In regards to the background of the model

Question

In regards to the background of the model

MarKo9 opened this issue 6 years ago · comments

Hi,

First of all thanks for your work.
I am in the process of doing some testings and if possible would like a quick clarification. Is your model the same or influenced by the one in the paper below? "MIDA: Multiple Imputation using Denoising Autoencoders" by Lovedeep Gondara and Ke Wang.
https://arxiv.org/pdf/1705.02737.pdf

Oracen-zz · Answer 1 · Sun Jun 03 2018 20:48:06 GMT+0800 (China Standard Time)

No, although I discovered that paper about 2 months after I started working on MIDAS. That concept has more in common with a chained equation approach (ie. MICE, Hmisc's areg.impute function) than MIDAS. In fact, it's more just like an ensemble of denoising autoencoders, meaning your training time scales with the number of imputations you require. MIDAS kind of draws on principles of variational inference to compute an approximate posterior. Train the model once, draw as many imputations as you require.

It's worth noting that Gondara and Wang don't exactly publicise their code or results. When I did eventually track down some code, it was on Gondara's github:
https://github.com/lgondara/loss-to-followup-DAE/blob/master/programs/Impute_LTF_DAE.py

If you look there, there's just an oblique Keras model, and it looks like noise isn't even dynamic for the representation they learn. Further, the loss function just appears to be MSE but the output layer is ReLU'd (ie. the output is constrained to be greater than zero). When combined with the StandardScaler transform they're using, they're going to have some difficulties. In the paper you discussed, they don't even address the issue of how missingness affects loss generation, which (from experience) is a key challenge. No mention of how they managed to bypass the challenge with softmax loss.

Also, it's worth noting; they changed the name of their paper in Feb 2018 by the looks of things. Their paper used to be called "Multiple Imputation Using Deep Denoising Autoencoders". Here's some correspondence with Andrew Gelman we had in Jan:
http://andrewgelman.com/2018/01/10/python-program-multivariate-missing-data-imputation-works-large-datasets/

In short; no we're not associated with them.
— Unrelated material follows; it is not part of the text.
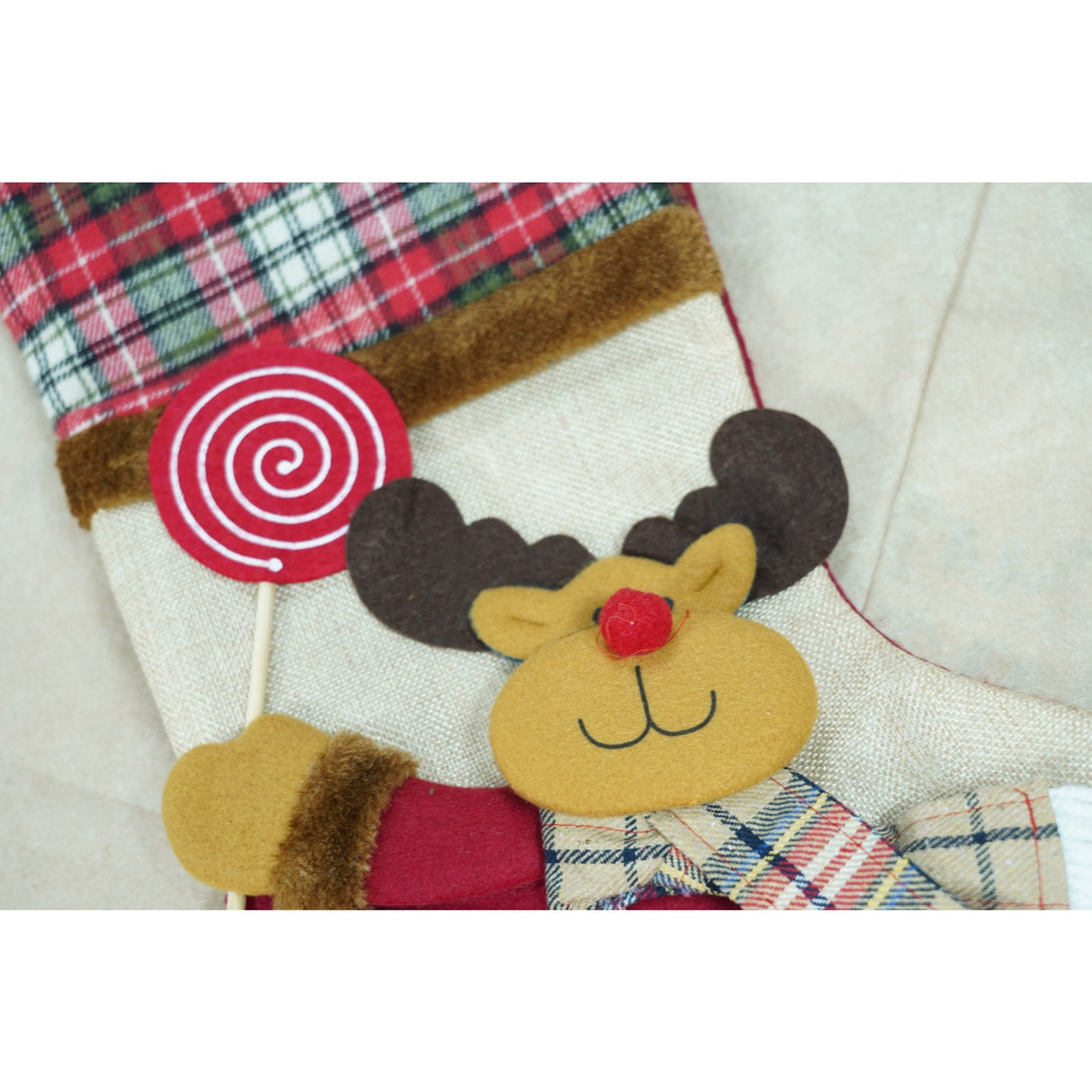 Ciorap Cadouri,Flippy,cu model ren,crem, marimea 20x40 cm, textil, interior - vivimall.ro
Charu Jaiswal · Answer 2 · Thu Oct 25 2018 09:30:11 GMT+0800 (China Standard Time)

Hi there @Oracen and @ranjitlall !

Your repo is awesome! Really appreciate the work you put into it

Following-up with the above question, I'm wondering if you have a peer-reviewed (or preprint) paper about MIDAS? I'm wondering how I can cite your research to give you credit

Thanks!

Oracen-zz · Answer 3 · Thu Oct 25 2018 23:03:39 GMT+0800 (China Standard Time)
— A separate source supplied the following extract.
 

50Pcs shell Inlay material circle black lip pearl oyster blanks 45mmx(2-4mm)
Hahaha good question! My coauthor Ranjit and myself are currently authoring a paper on it. Ranjit is a perfectionist and so it's taking a little longer than expected, but it should be in preprint soon. Sorry I can't be more specific at this stage. Regards, Alex

…

On Thu, Oct 25, 2018 at 11:30 AM Charu Jaiswal ***@***.***> wrote: Hi there @Oracen <https://github.com/Oracen> and @ranjitlall <https://github.com/ranjitlall> ! Your repo is awesome! Really appreciate the work you put into it Following-up with the above question, I'm wondering if you have a peer-reviewed (or preprint) paper about MIDAS? I'm wondering how I can cite your research to give you credit Thanks! — You are receiving this because you were mentioned. Reply to this email directly, view it on GitHub <#4 (comment)>, or mute the thread <https://github.com/notifications/unsubscribe-auth/AYqrbBLTbhJEumA24vpaUypc67qUqST3ks5uoRQjgaJpZM4T0aPf> .

asthaIITD · Answer 4 · Sun Nov 03 2019 14:35:24 GMT+0800 (China Standard Time)

Hii @Oracen ,

Is the paper you both were authoring finalized? I could not find it online.

Tom Robinson · Answer 5 · Mon Apr 27 2020 20:48:24 GMT+0800 (China Standard Time)

Hi @asthallTD, @charuj,

We have now migrated MIDAS to this new repo where all future releases will be made available.

The current paper explaining the background of the model can be found on APSA Preprints here: https://doi.org/10.33774/apsa-2020-3tk40-v3

Best,
Tom